* _Supplied data_

★ ★ ★ ★ ★ ★ ★

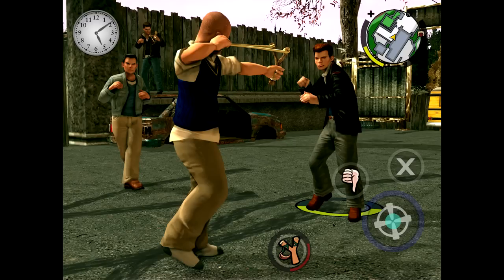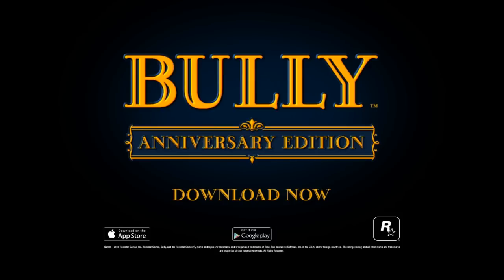Bully Anniversary Edition comes complete with everything from the original release, as well as additional classes, missions, characters, and more from Bully Scholarship Edition. It also includes enhanced high-resolution graphics, improved lighting, textures, character models, and control design for touch gameplay.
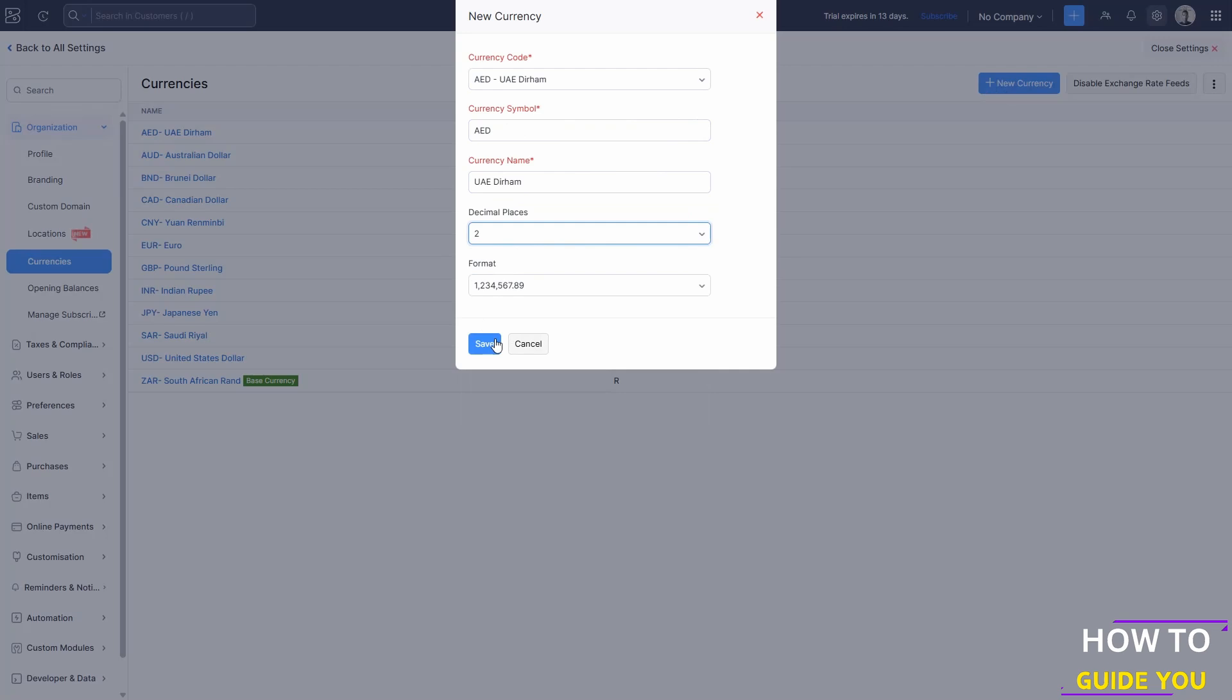Once you're done there, just hit save and you'll have added another currency to your list.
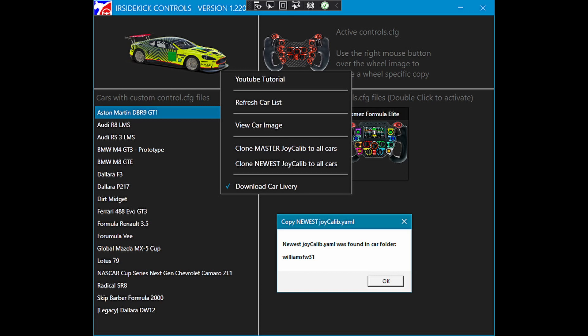IR Sidekick Controls has two methods to achieve this. If you calibrated a car without use custom controls for this car enabled, then the master Joy Calib needs to be propagated.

★ ★ ★ ★ ★ ★ ★

Across the whole listing, reproduce each line verbatim and exclude every picture.

Bully Anniversary Edition comes complete with everything from the original release, as well as additional classes, missions, characters, and more from Bully Scholarship Edition. It also includes enhanced high-resolution graphics, improved lighting, textures, character models, and control design for touch gameplay.
Once you're done there, just hit save and you'll have added another currency to your list.
IR Sidekick Controls has two methods to achieve this. If you calibrated a car without use custom controls for this car enabled, then the master Joy Calib needs to be propagated.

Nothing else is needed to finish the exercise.